Then I don't get the inflation of my memory. Which makes some sense and is the most logical thing to do when getting the data in my situation.

The information about looking at what variables exist etc. has generally helpful though thanks.

+4  A: 

Maybe Devel::DumpSizes and/or Devel::Size can help out? I think the former would be more useful in your case.

Devel::DumpSizes - Dump the name and size in bytes (in increasing order) of variables that are available at a give point in a script.
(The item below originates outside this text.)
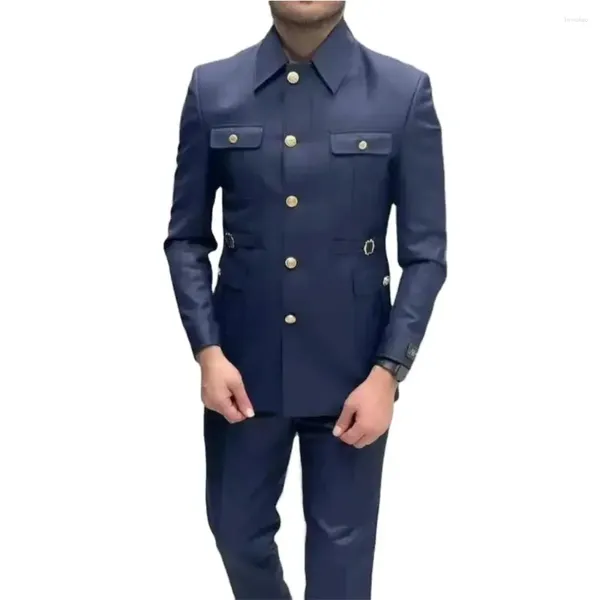 Costumes pour hommes coupe régulière 2 pièces sur mesure homme vêtements Tuxedos mariage marié robe de bal Terno Masculinos Completo pantalon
Devel::Size - Perl extension for finding the memory usage of Perl variables

Htbaa
+4  A: 

Here are some generic resources on memory issues in Perl:

As far as your own suggestion, the simplest way to disprove would be to write a simple Perl program that:

  1. Creates a big (100M) file of plain text, probably by just outputting the same string in a loop into a file, or for binary files running dd command via system() call

  2. Read the file in using standard Perl open()/@a=<>;

  3. Measure memory consumption.

Then repeat #2-#3 for your 800M file.

That will tell you if the issue is File::Slurp, some weird logic in your program, or some specific content in the file (e.g. non-ascii, although I'd be surprized if that ends up to be the reason)

DVK
I do appear to have eliminated dodgy character encoding. A closer look reveals the process starts out with roughly the same memory footprint as the file then after doing some stuff checking things in the header it doubles up. I just can't see what's causing that.
Colin Newell